Olan şöyledir: kullanışsız evler, çakma mimarî eseri büyük, çok büyük ama ferah olmayan camiler, gelenekle ilgisiz, bugünle zaten alâkasız resmî binalar, ne bize ne bir başkasına ait olmayan sosyalleşme alanları, şehrin dışına atılmış mezarlıklar, çağın dışında ve kopya edilerek dikilmiş iş yerleri, kendinden başka hiçbir şeye benzemeyen, kendisi de bir şeye benzemeyen öğretim kurumları... 

Mekân sıkıntısını "lüks" bulabilirsiniz. Bir milletin geçmişine bağlanması ve oradan kuvvet alması lüks değildir. Zorunluluktur. 

"Mekânın manevi koruyuculuğu" milletin üzerinde olursa, ancak o zaman birlik duygusu kuvvetlenir. İstanbul'un Türk olmasının; Ankara'nın Türk olmasının en önemli delilleri; genellikle mezarlıkların yanında ve hakim tepelerde kurulan evliya kabirleridir.

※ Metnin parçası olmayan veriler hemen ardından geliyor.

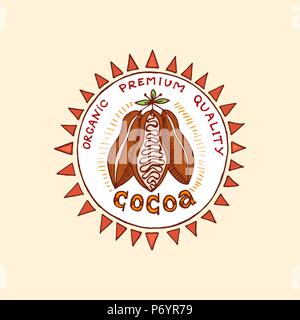 Le cacao et chocolat chaud. logos vintage moderne insignes pour la boutique menu. Vector illustration style de calligraphie. Pour les profilés, les étiquettes gravées à la main. dans de vieux croquis. Illustration de Vecteur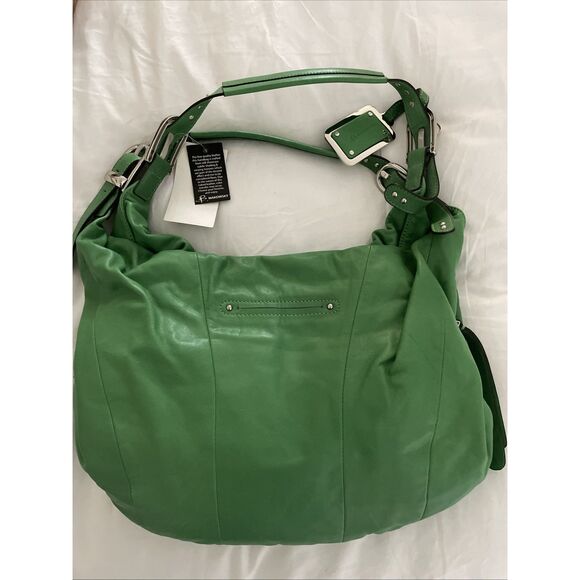 NWT''S B. MAKOWSKY Green Soft Leather Shoulder Bag Purse Double Strap Stud - Picture 2 of 4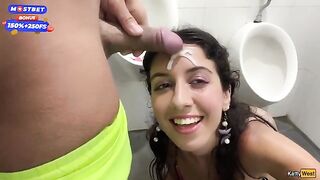 Brunette girl has sex in public toilet and gets cum on her face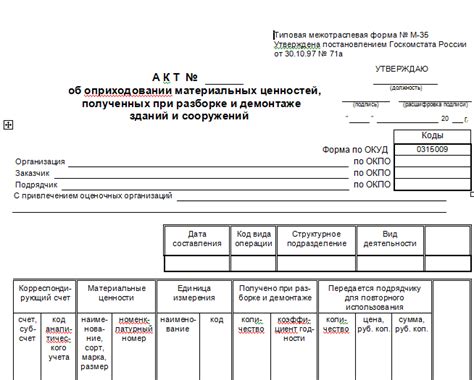 Документация для оприходования материалов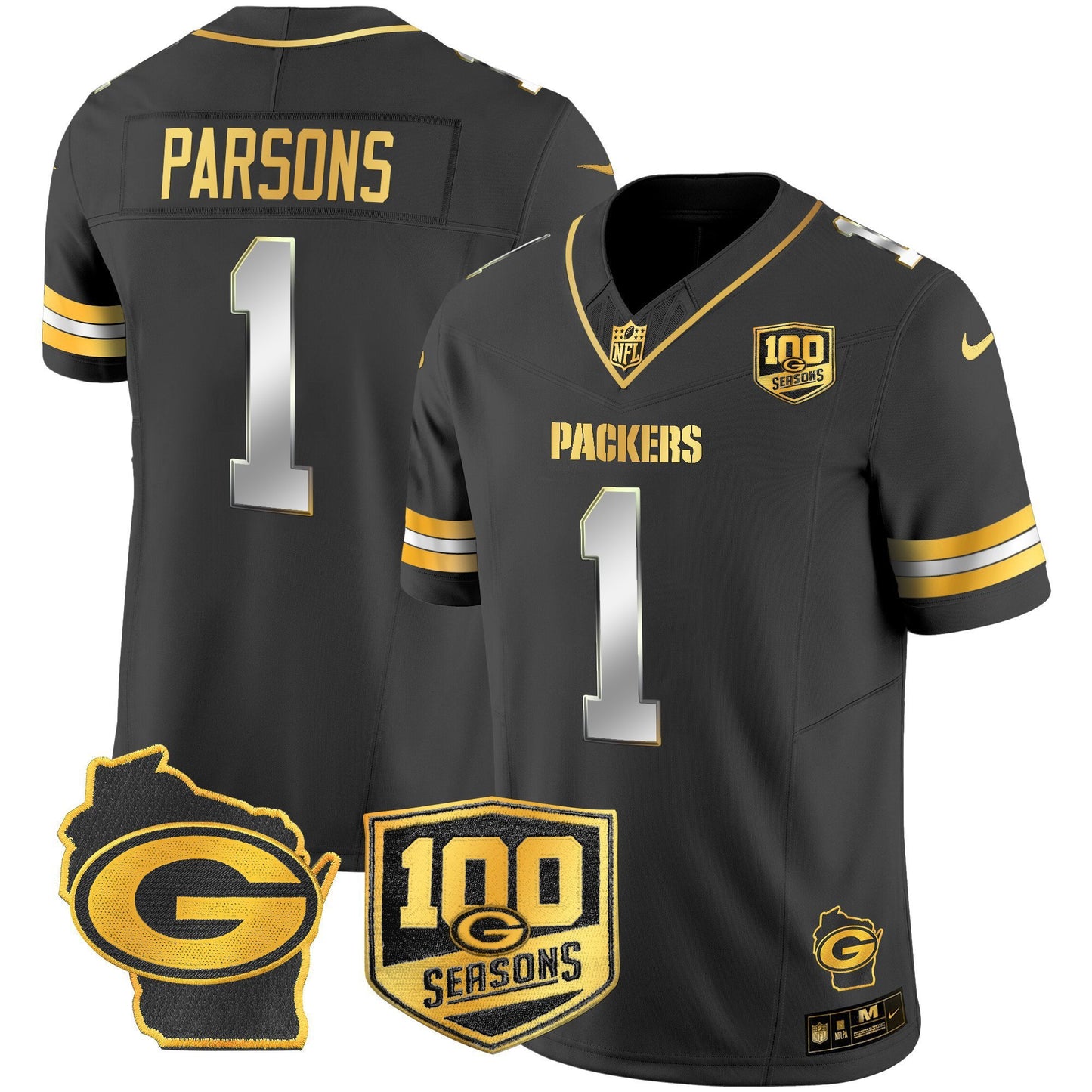 Men's Green Bay Packers 100th Season & Home Patch Gold Vapor Limited Jersey – All Stitched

Dinî anlamda kutsal kişileri, şehirlerin hâkim tepelerine gömmek; mekânın manevi koruyuculuğunu çok iyi anlamakla ilgilidir. Şimdi Ankara'yı dinazorlar, İstanbul'u biçimsiz gökdelen ve kuleler "koruyor". Boş bulduğu yere saat kulesi diken diğer vilayetlerimizin de bu kervana katılmaması için hiçbir sebep yok. Zaten, onlar da sıralarını bekliyorlar. 

"Yol Açmak"

Mimaride, mekân kelimesi "belirli sınırları olan boşluğun adı" olarak tanımlanıyor. Eğer bu kelimeye yeni anlamlar katmaya uğraşmıyorsak, içinden geçtiğimiz ekonomik krizi bari burada fırsata çevirelim. Ve artık yıkma-yapma sarmalından kurtulup, koruma-yaşatma evrelerini de hayatımıza katalım. Yoksa yıkma-yapma ikilemi yalnızca "mekân sıkıntımızla" sınırlı kalmaz; bugün yaşayarak tecrübe ettiğimiz gibi, "tarihe bakışa" da, "siyaset biçimine" de sirayet eder. Birisi yapar, ötekisi yıkar. Bizden sonra gelecekler ise NFT gibi yeni "pazarlardan" Ayasofya'nın telifini almaya uğraşırlar. Onu da alamazlar ve dönüp "okunabilen" mezar taşlarımızı parçalarlar. Yanlış anlaşılmasın, öfkeyle değil. Yol açmak için... Her anlamda.